Computing Means - Exclude Cases with Many Missings
compute happy3 = mean.3(v1 to v5).
execute.
Result
A more general way that'll work for more complex computations as well is by using IF as shown below.
if (nvalid (v1 to v5) >= 3) happy4 = mean(v1 to v5).
execute.
SPSS - Compute Means over Cases
So far we computed horizontal means: means over variables for each case separately. Let's now compute vertical means: means over cases for each variable separately.

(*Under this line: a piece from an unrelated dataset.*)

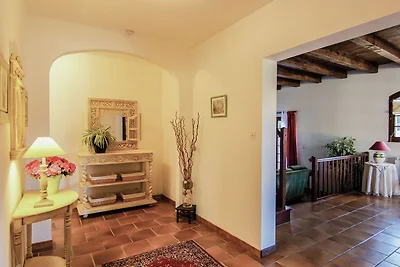 Schönes Ferienhaus mit privatem Pool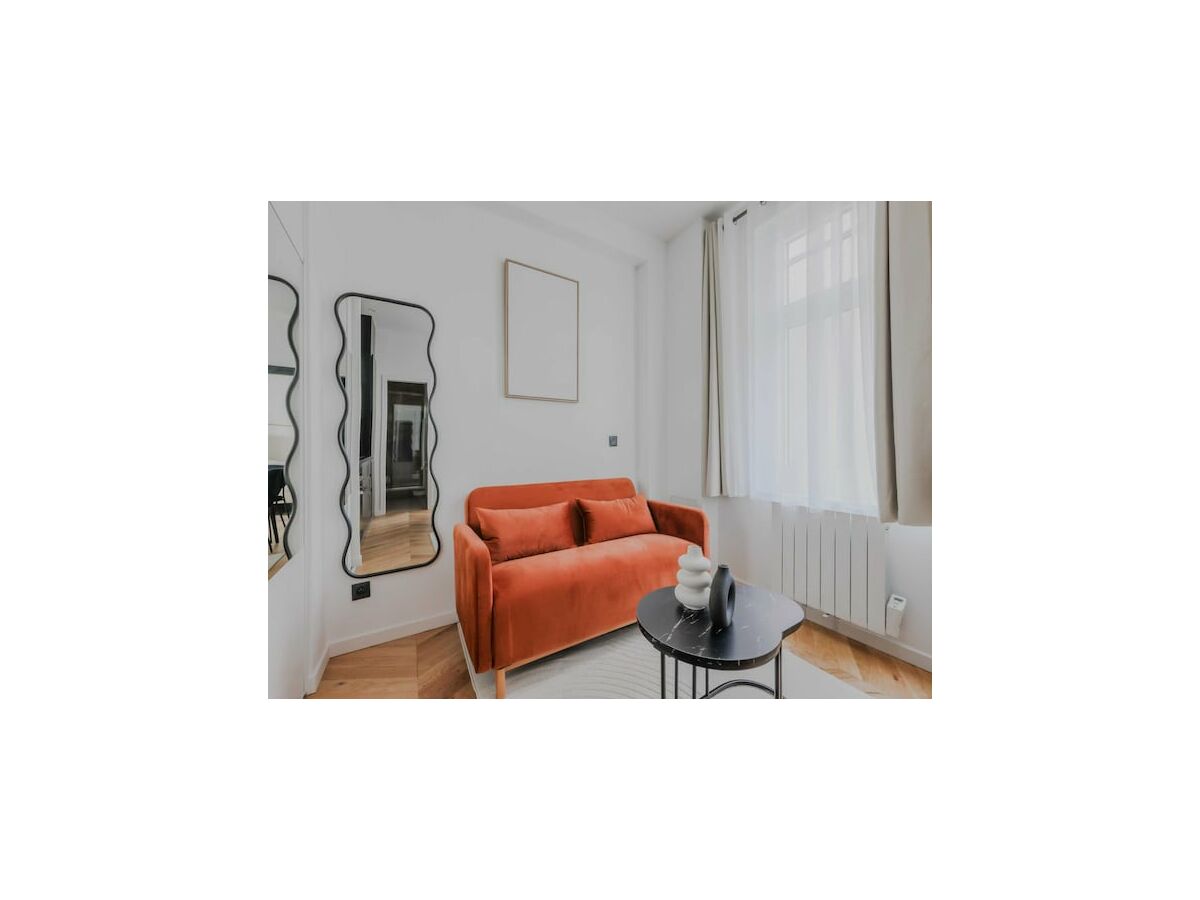 Apartamento Paris  1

We'll first create output tables with means and we'll then add such means to our data.
Means over all cases are easily obtained with DESCRIPTIVES as in
descriptives v1 v2.
Result
Means for Groups Separately
So what if we want means for male and female respondents separately? One option is SPLIT FILE but this is way more work than necessary. A simple MEANS command will do as shown below.
set tnumbers labels.
*Report means for genders separately.
means v1 v2 by gender/cells means.
Result
SPSS - Add Means to Dataset
Finally, you may sometimes want means over cases as new variables in your data. The way to go here is AGGREGATE as shown below.
aggregate outfile * mode addvariables
/mean_1 = mean(v1).
If you'd like means for groups of cases separately, add one or more BREAK
variables as shown below. This example also shows how to add means for multiple variables in one go, again by using TO.
aggregate outfile * mode addvariables
/break gender
/mean_2 to mean_5 = mean(v2 to v5).
Result
Note that we already saw these means (over v2, for genders separately) in our output after running
means v2 by gender.
Right. That's about all we could think of regarding means in SPSS. If you've any questions or remarks, please feel free to throw in a comment below.
THIS TUTORIAL HAS 11 COMMENTS:
By Ruben Geert van den Berg on October 29th, 2018
Use
MEAN()
for means andSD()
for standard deviations. Don't use the + operator.Also see SPSS Missing Values Tutorial for the reasons for this.
HTH!
By William Peck on November 5th, 2018
I got an error with the last two exercises on the Aggregate commands, ">Error # 10910. Command name: aggregate. The definition of a new variable on the AGGREGATE command specifies a new variable name that duplicates the name of an existing variable. To replace existing variables, specify OVERWRITE = YES in the OUTFILE subcommand."
So I added this to the end of the command and it worked great! :-)
aggregate outfile * mode addvariables overwrite=YES
/mean_1 = mean(v1).
By Muhammad Abu-salih on March 7th, 2019
I need to try this tutorial to find its usefulness, but computation of means through the usual commands of SPSS are very easy.
By Eugenia ML on June 12th, 2019
You are so clear and precise! It´s a real help!
Thank you so much!
By Morthen on May 31st, 2022
Hi!
I have used this command for means of sets with missing points:
Mean4 (v1,v2,v3,v4,v5,v6,v7,v8)
to get a mean of whichever cases have more than 4 valid values.
As you can see, I am missing a "." between "mean" and "4".
I got slightly different mean values with this command, and now I may have to redo an entire analysis. Do you know what difference it makes?